Should men be tested for HPV?

There is currently no good way to test for this STI in men and in particular there is no good way to test for anal cancer in men who have sex with men (MSM). Anal cancer is much more common in MSM and particularly so in MSM who also have HIV but in the general population this form of cancer is rare. There is interest in the idea of testing for HPV in MSM and in MSM who also have HIV but if it were to be detected its not clear whether or not it should then be treated or even how it would be treated.

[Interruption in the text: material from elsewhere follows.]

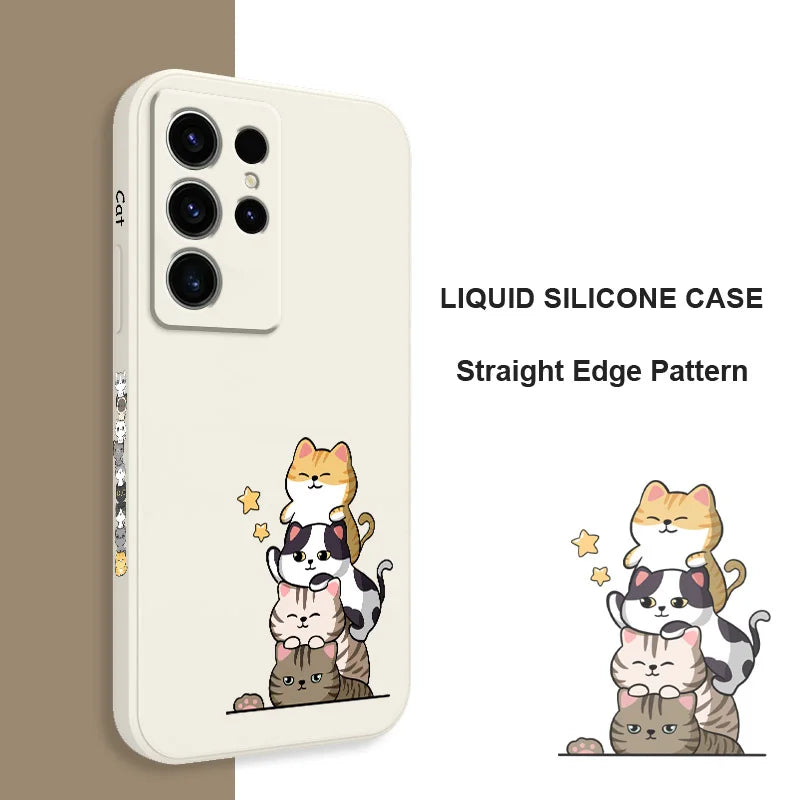 Stacked Cats Phone Case For Samsung Galaxy S23 S22 S21 S20 Ultra Plus FE S10 S9 S10E Note 20 ultra 10 9 Plus Cover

In women with cancer-related changes of the cervix a procedure can be done to either remove or destroy the affected area. An equivalent procedure in men hasn’t been developed and would be technically difficult to perform because the part of the anus that can turn into cancer is much larger. Even if this could be easily done it still wouldn’t be clear when it should be done.
For MSM over the age of 35 and particularly for HIV positive men one option to detect anal cancer is to undergo a digital ano-rectal examination (DARE) once a year to feel for signs of an early anal cancer.

How is HPV treated?

There are no treatments that are performed only for HPV infection. There are vaccines to prevent infection and treatments for this STI-associated conditions like warts and cancer. Typically these treatments involve removal or destruction of the affected area be it a wart or a part of the body that is at risk of becoming cancerous.